### What to produce
Using the listing below, copy exactly the lines from the one containing "Paraíso Tropical Foto" to the one containing "Elongin B antibody, TA332640, Origene, Western", both lines included, and no others.

### Exercise inputs
++++++++++
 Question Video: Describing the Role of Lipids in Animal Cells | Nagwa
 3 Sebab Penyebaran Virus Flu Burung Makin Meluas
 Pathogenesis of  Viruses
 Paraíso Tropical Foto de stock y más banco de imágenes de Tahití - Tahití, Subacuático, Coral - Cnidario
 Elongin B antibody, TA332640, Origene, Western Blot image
++++++++++
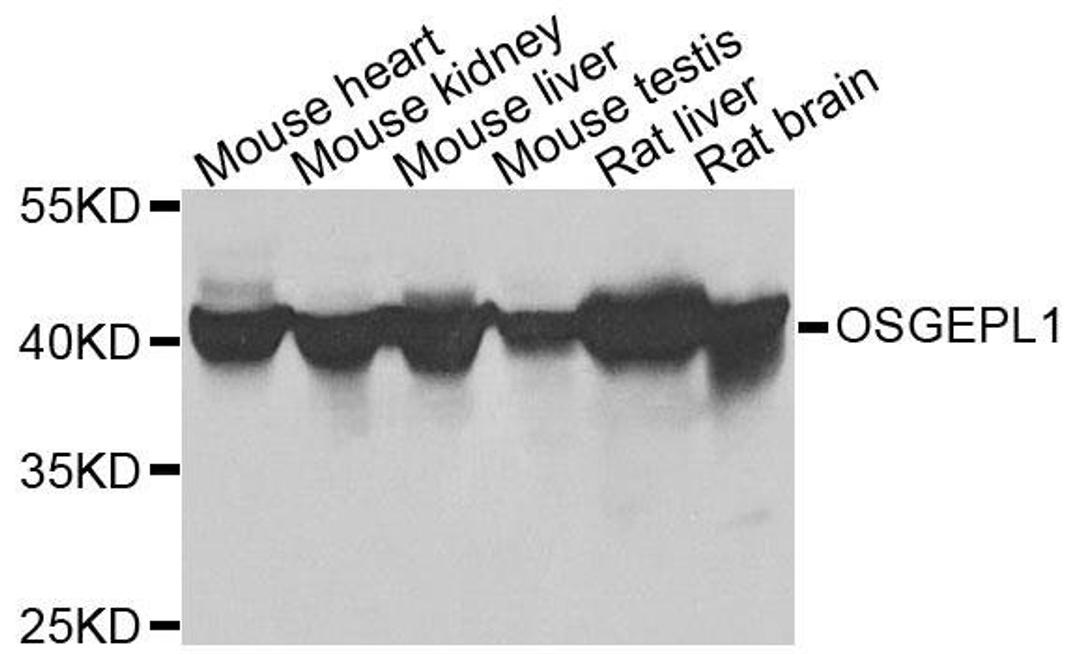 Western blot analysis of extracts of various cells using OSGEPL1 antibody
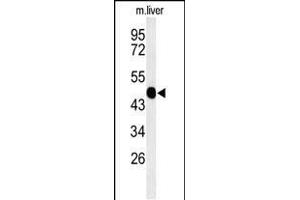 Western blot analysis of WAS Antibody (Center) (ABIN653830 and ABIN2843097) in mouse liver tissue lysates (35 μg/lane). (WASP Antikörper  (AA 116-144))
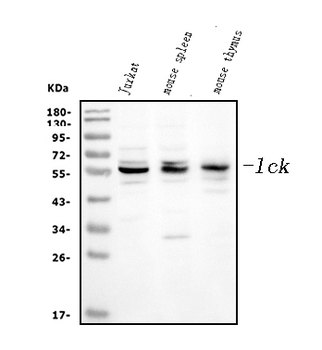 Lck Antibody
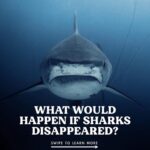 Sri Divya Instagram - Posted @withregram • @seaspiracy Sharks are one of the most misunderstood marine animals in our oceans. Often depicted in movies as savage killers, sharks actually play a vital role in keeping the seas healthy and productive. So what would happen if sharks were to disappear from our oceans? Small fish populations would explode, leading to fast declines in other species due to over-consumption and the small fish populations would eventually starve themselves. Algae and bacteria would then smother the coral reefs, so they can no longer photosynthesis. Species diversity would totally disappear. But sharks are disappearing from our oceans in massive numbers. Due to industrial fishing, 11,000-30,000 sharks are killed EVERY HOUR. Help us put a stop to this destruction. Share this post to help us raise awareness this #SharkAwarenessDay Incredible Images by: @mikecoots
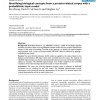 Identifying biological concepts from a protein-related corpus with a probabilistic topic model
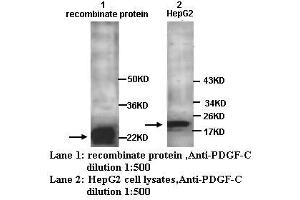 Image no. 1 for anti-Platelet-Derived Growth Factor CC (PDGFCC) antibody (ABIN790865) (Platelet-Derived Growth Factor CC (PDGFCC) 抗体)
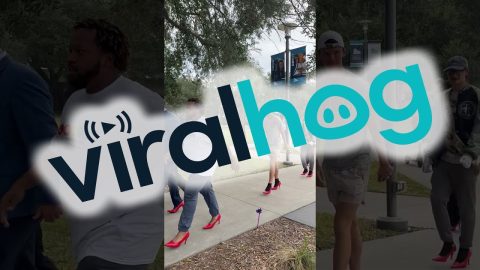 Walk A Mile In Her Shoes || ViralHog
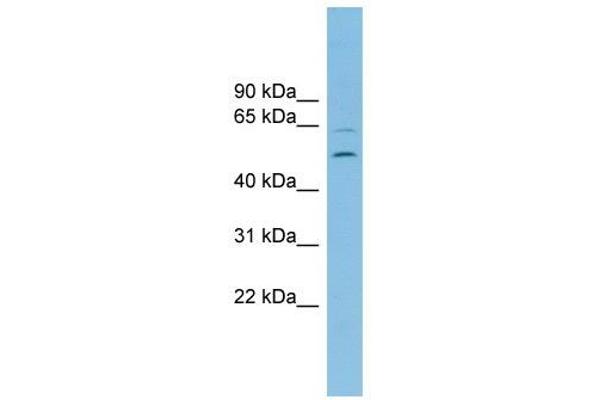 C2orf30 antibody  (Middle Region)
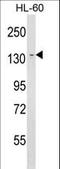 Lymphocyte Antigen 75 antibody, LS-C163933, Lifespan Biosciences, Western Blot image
++++++++++
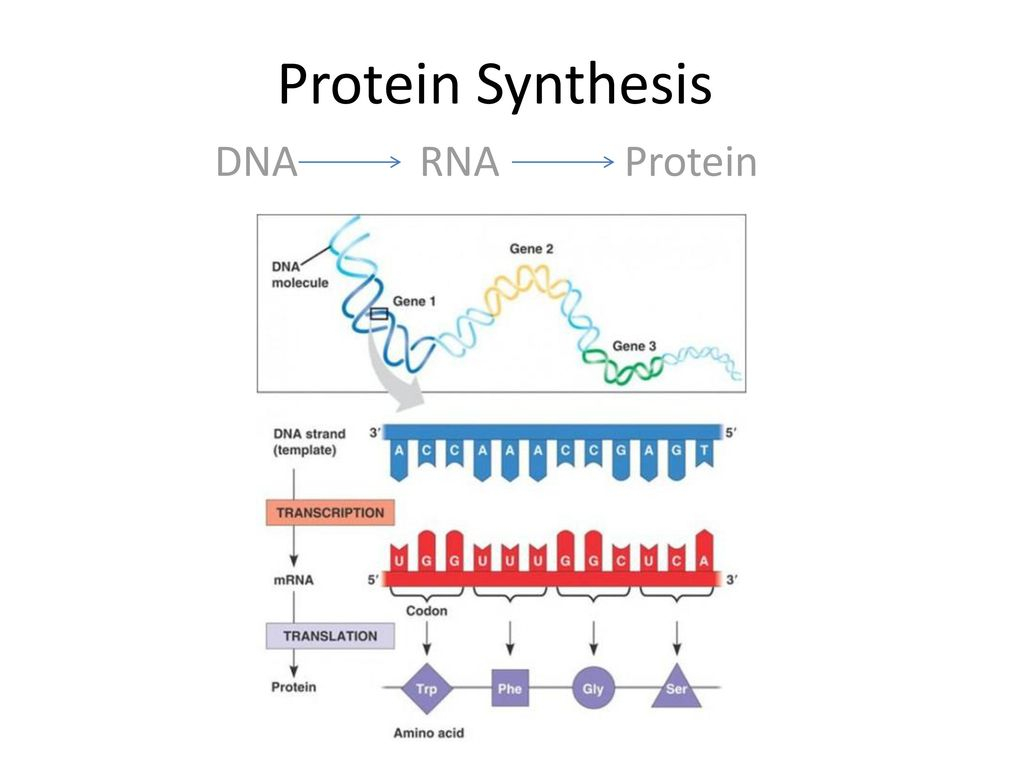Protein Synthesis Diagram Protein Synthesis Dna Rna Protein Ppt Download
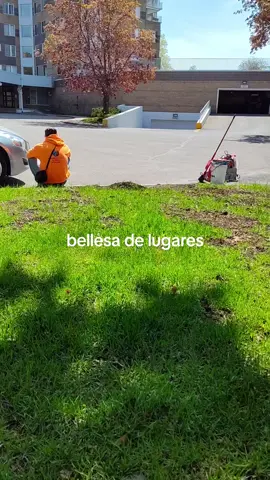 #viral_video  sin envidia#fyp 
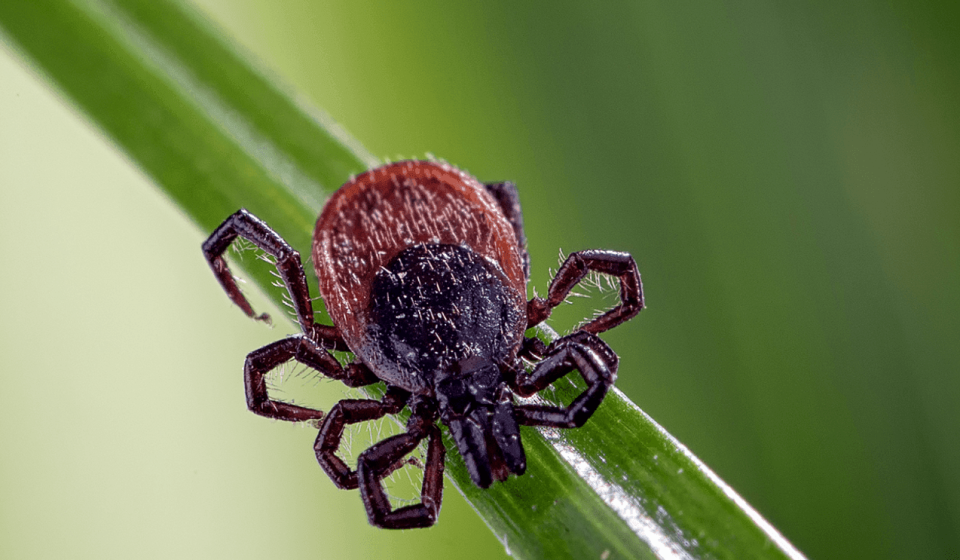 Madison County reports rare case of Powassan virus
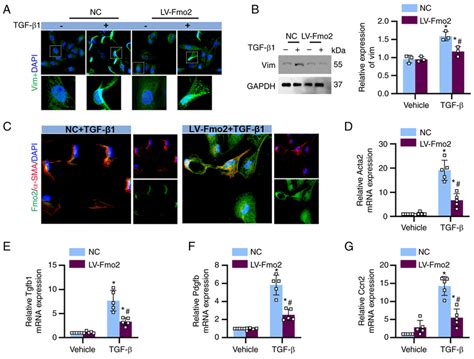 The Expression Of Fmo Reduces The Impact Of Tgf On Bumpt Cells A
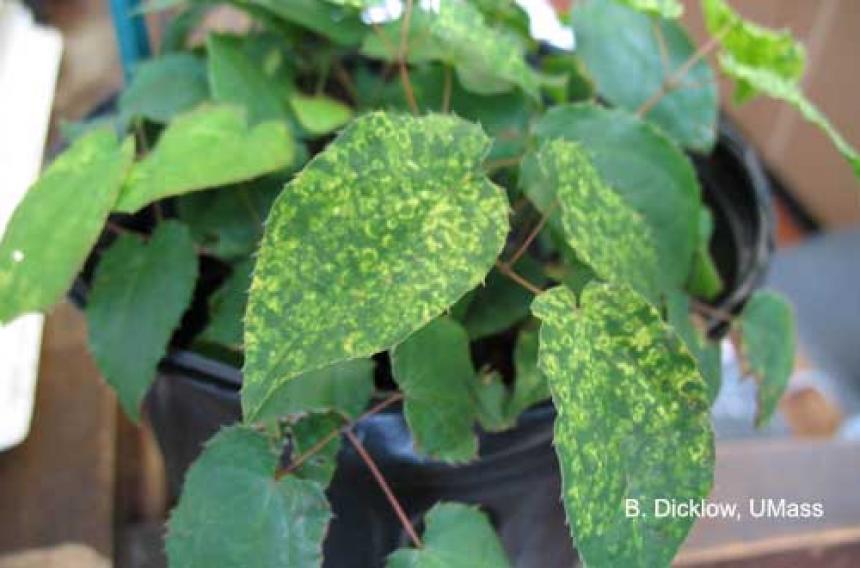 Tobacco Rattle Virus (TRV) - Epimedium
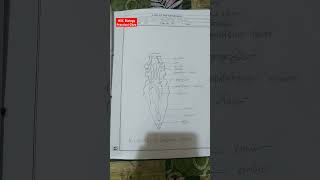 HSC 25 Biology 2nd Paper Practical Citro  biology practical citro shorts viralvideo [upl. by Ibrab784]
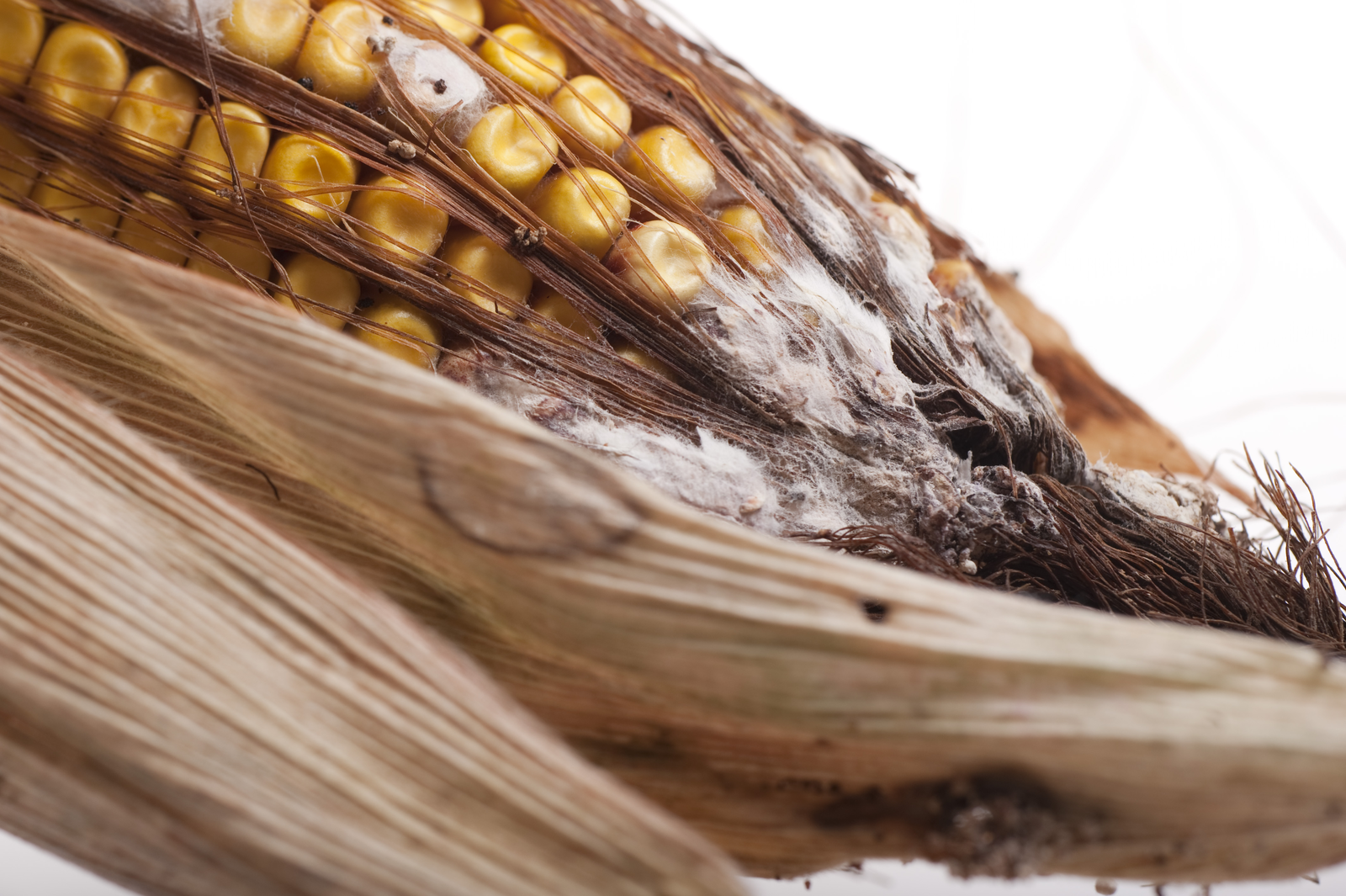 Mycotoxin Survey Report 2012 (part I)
++++++++++
### Exercise response
 Paraíso Tropical Foto de stock y más banco de imágenes de Tahití - Tahití, Subacuático, Coral - Cnidario
 Elongin B antibody, TA332640, Origene, Western Blot image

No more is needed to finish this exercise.